▸ **Task to carry out**:
Exact copy, no pictures: return only the lines below from the line with "You can also" up to and including the line with "That's the end".

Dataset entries
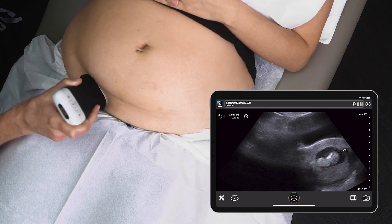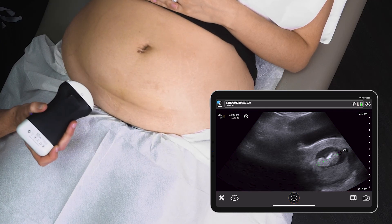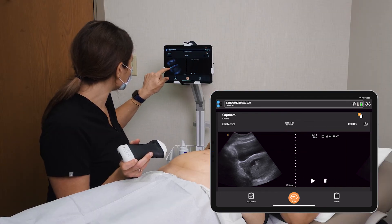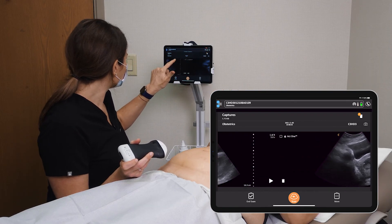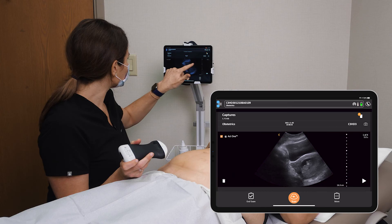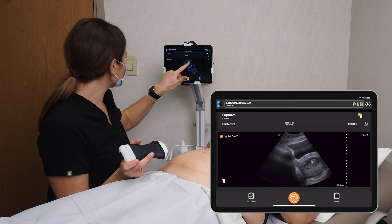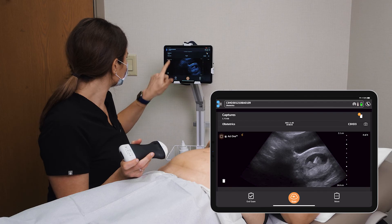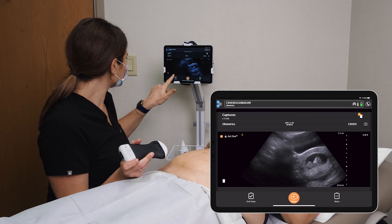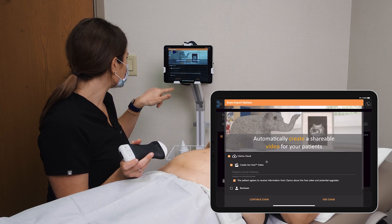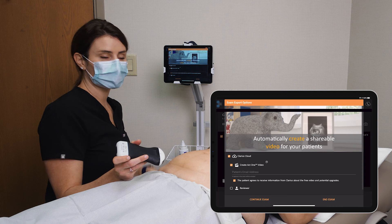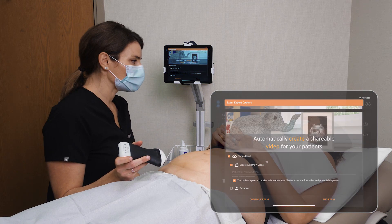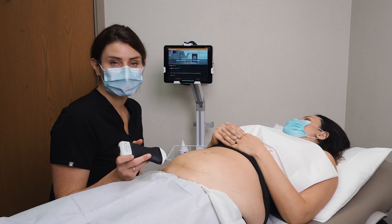Great, so we have some nice images there. Let's have a look and see which ones we like — we'll select a few, Lisa, and some videos, and then I can actually send them to you. I'll just get Lisa's email address and her consent, and then we can send her some images and videos from our visit today.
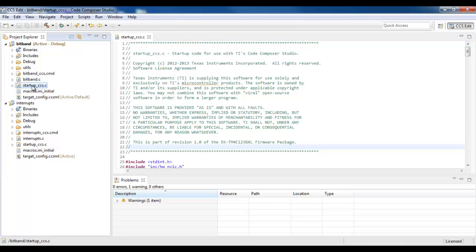I click on the first file, then I hold Control, and I select the second file.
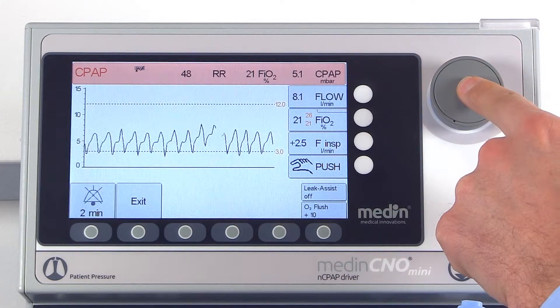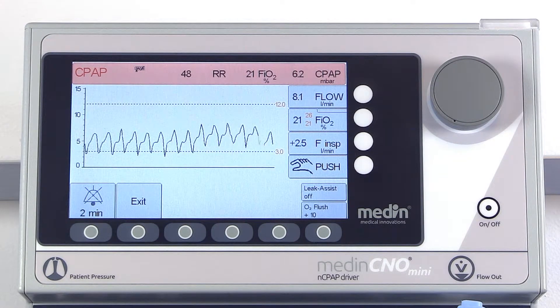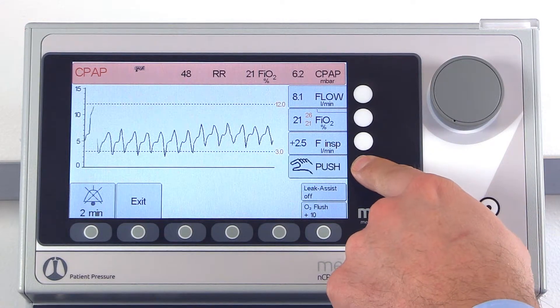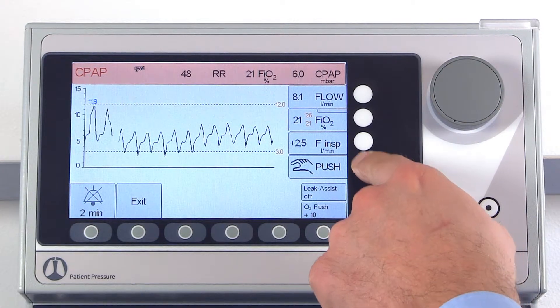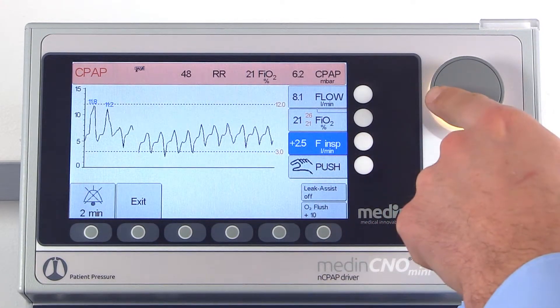You can also apply a manual push flow if needed. The pressure of this push flow can be individually adjusted to meet the baby's specific needs.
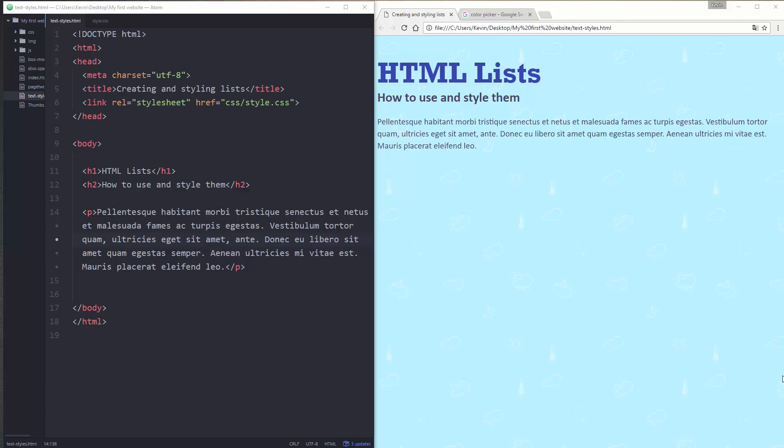Hi there and welcome to my next video in HTML and CSS for beginners. Today we're going to be looking at HTML lists, how to use them, and how to style them.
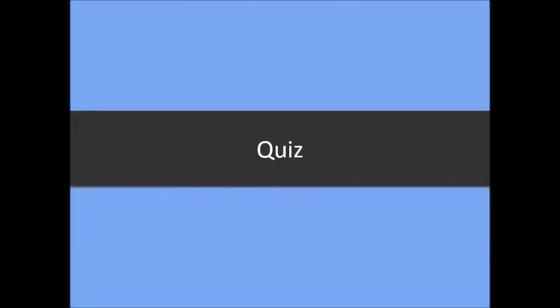That's the end of this presentation. Please prepare for a quiz, and reporters, please prepare for your reports. Thank you.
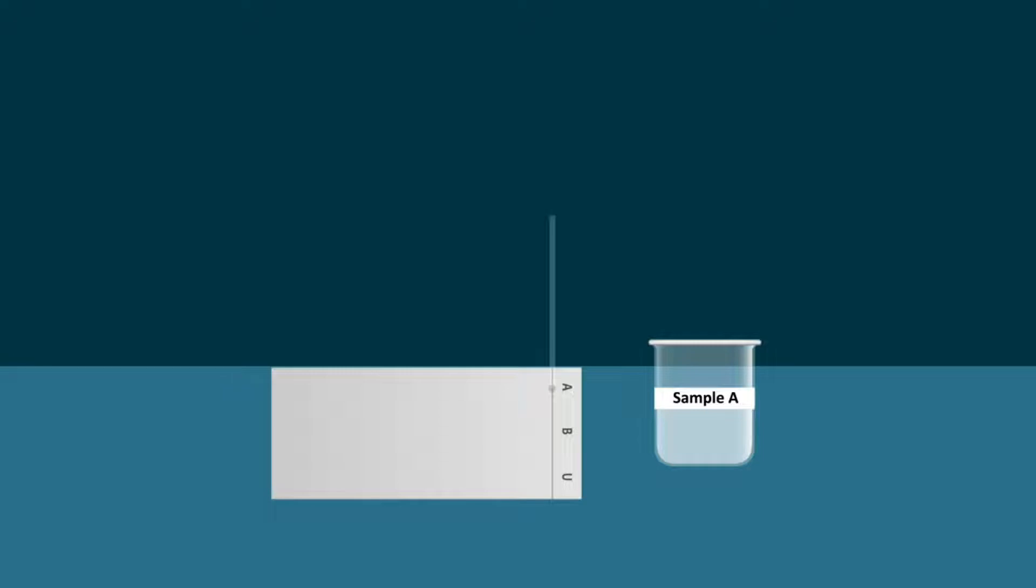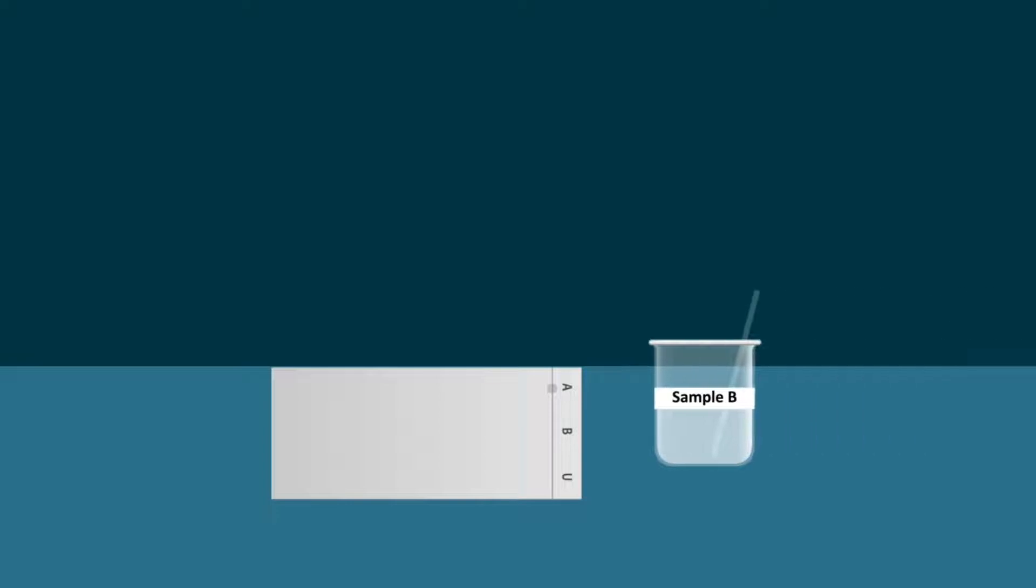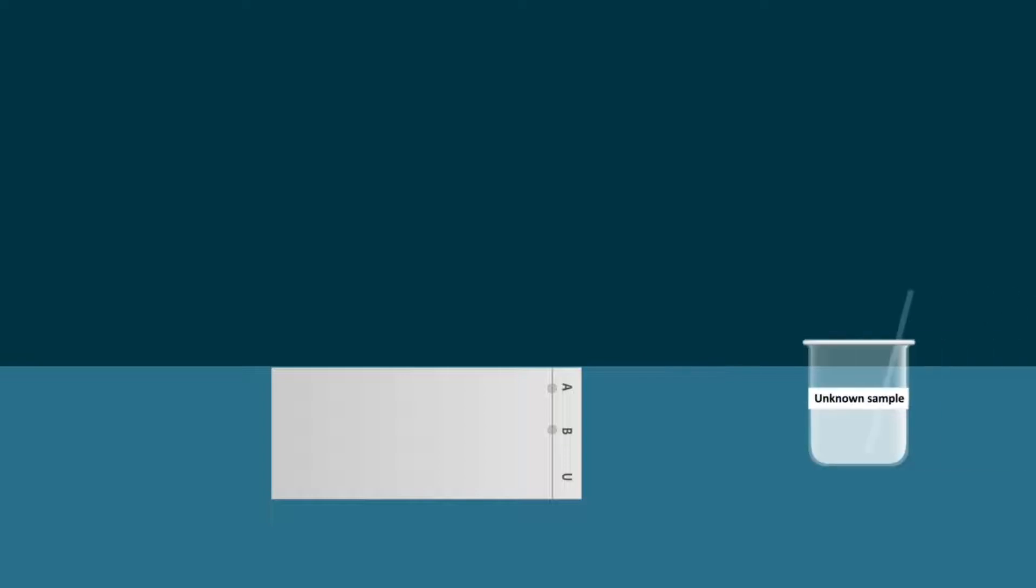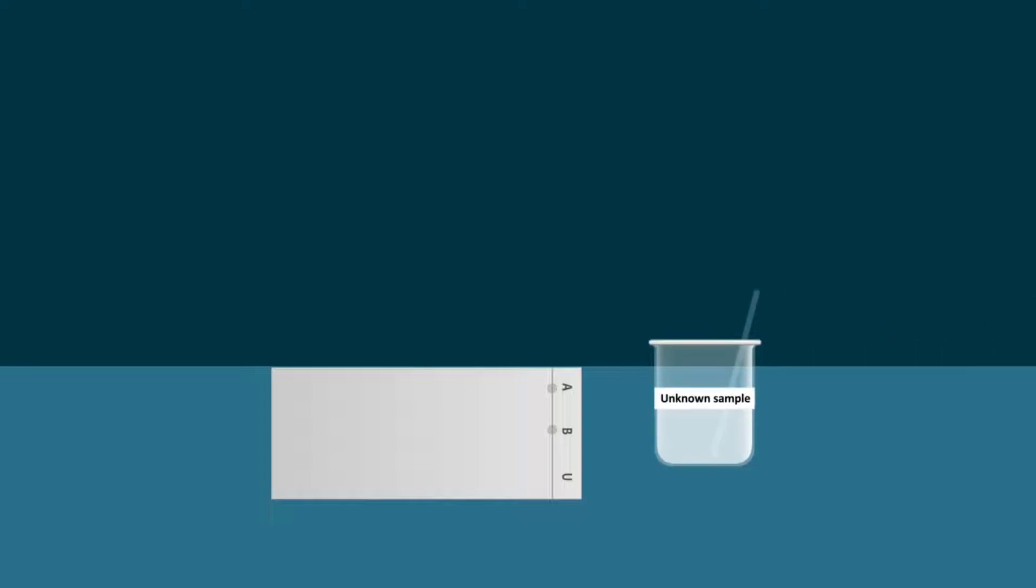Introduce sample A on one spot, sample B on another spot, and the unknown sample on another spot.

▸ **Reply to the exercise**:
You can also apply a manual push flow if needed. The pressure of this push flow can be individually adjusted to meet the baby's specific needs.
Hi there and welcome to my next video in HTML and CSS for beginners. Today we're going to be looking at HTML lists, how to use them, and how to style them.
That's the end of this presentation. Please prepare for a quiz, and reporters, please prepare for your reports. Thank you.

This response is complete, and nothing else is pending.